Team member: HungChun Lin, Danlei Qian, Chen Chen
Home Credit B.V. is an international non-bank financial institution founded in 1997 in the Czech Republic and operates in 14 countries and focuses on lending primarily to people with little or no credit history. Home Credit strives to broaden financial inclusion for the unbanked population by providing a positive and safe borrowing experience. In order to predict the repayment ability of their customers, Home Credit held a Kaggle competition to see what sort of models the machine learning community can develop to help them in this task. The objective of this project is to use historical loan application data to predict whether or not an applicant will be able to repay a loan. In this project, we will explore several models including Classification Models and Regression Models to predict the TARGET variable and Grid Search with combination of Pipeline for hyperparameter tuning.

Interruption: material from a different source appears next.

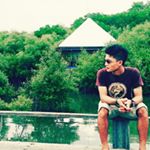 Profile Picture of David_tian (@david_tiann) on Instagram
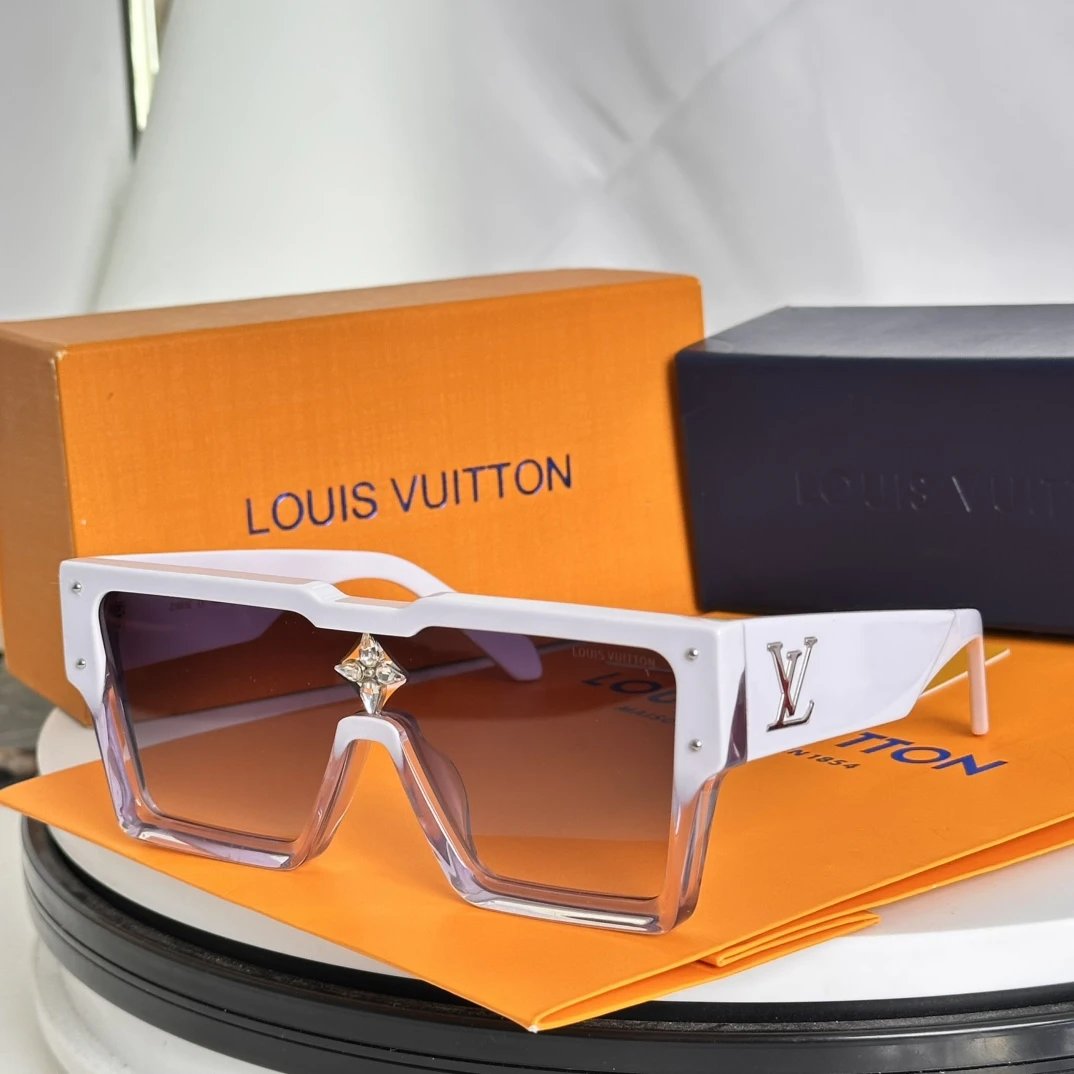 Product view 25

Data source: https://www.kaggle.com/c/home-credit-default-risk
Since the raw dataset is too complex, we only use a part of the whole dataset - the application_train data(the main data with information about each loan application at Home Credit.) And every loan has its own row and is identified by the feature SK_ID_CURR(which is useless and we will drop it later). The data comes with the TARGET indicating 0: the loan was repaid or 1: the loan was not repaid.
- Python 2.7/3.7
- Seaborn
- Numpy 1.17.2
- Pandas
- matplotlib
In conclusion, we trained 6 models to select the best one to predict whether a applicant can make the repayment of the loan. And we find Logistic regression is the best model to make the prediction. Using Random Forest we find the top important features. Age, income, loan amount applied and loan fraud are key factors to predict whether an applicant can make the loan repayment. For further improvement, we think more precise variable selection before training the model may help with our result.